• EXERCISE AIM:
What is needed is the full listing written out exactly, minus the pictures.

SOURCE DATA below:

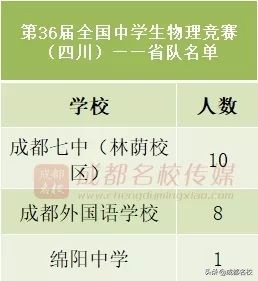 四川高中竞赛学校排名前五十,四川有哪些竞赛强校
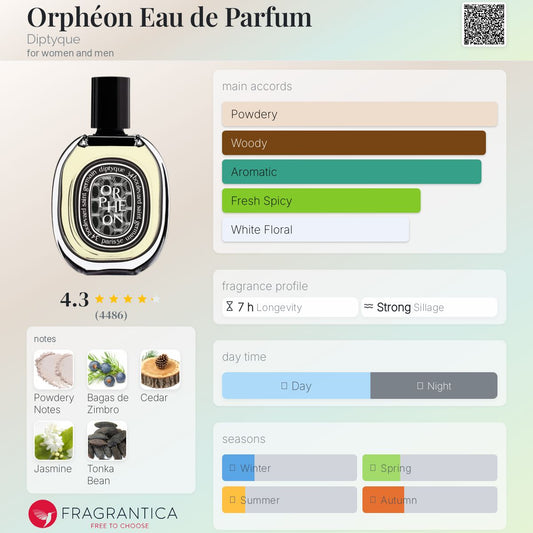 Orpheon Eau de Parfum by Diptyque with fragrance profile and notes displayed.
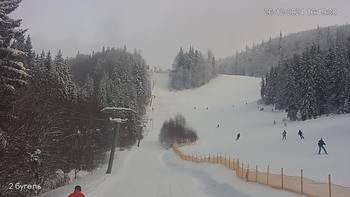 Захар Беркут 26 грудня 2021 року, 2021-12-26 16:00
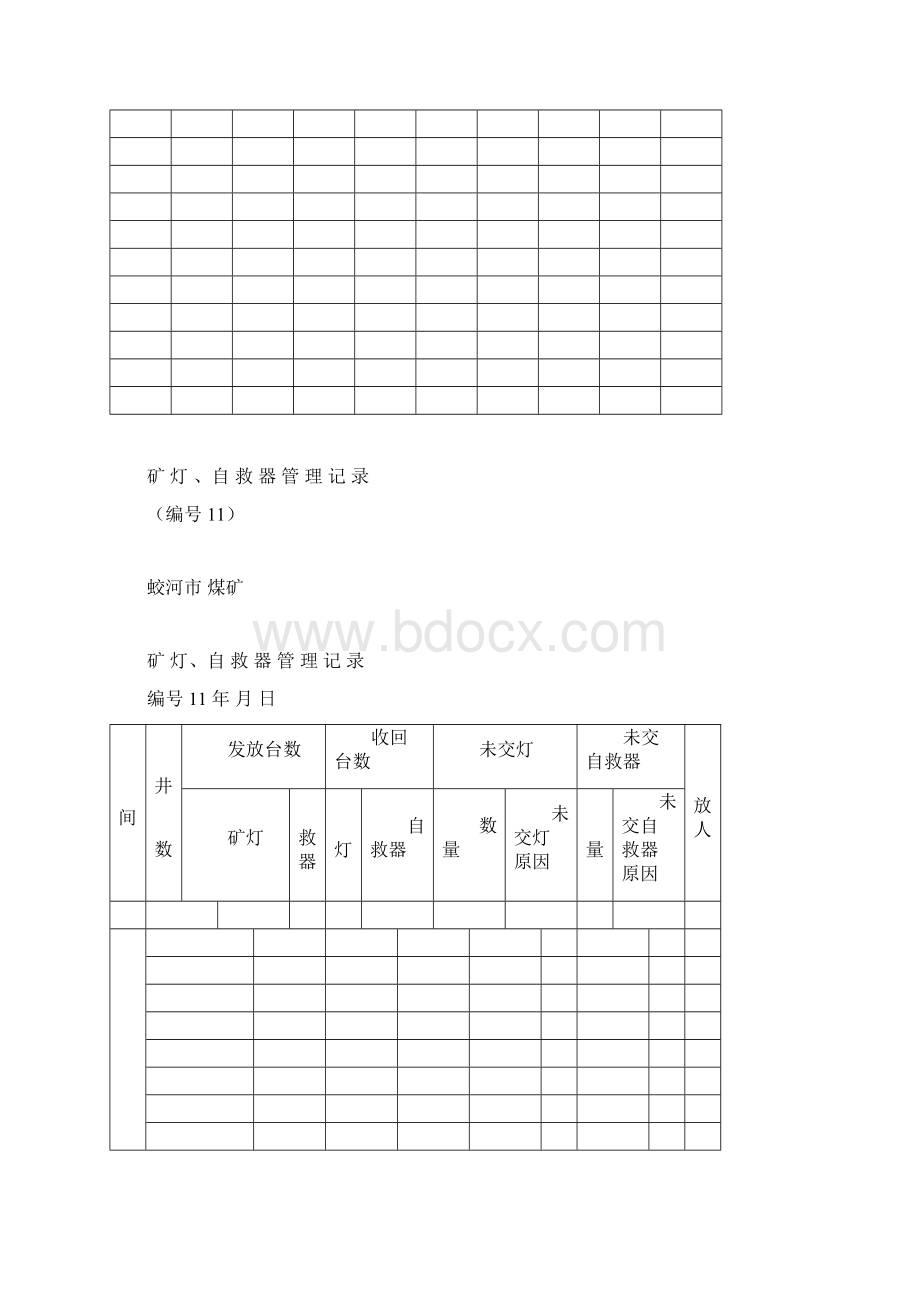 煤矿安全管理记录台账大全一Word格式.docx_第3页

End of SOURCE DATA.

• WORKED SOLUTION:
 四川高中竞赛学校排名前五十,四川有哪些竞赛强校
 Orpheon Eau de Parfum by Diptyque with fragrance profile and notes displayed.
 Захар Беркут 26 грудня 2021 року, 2021-12-26 16:00
 煤矿安全管理记录台账大全一Word格式.docx_第3页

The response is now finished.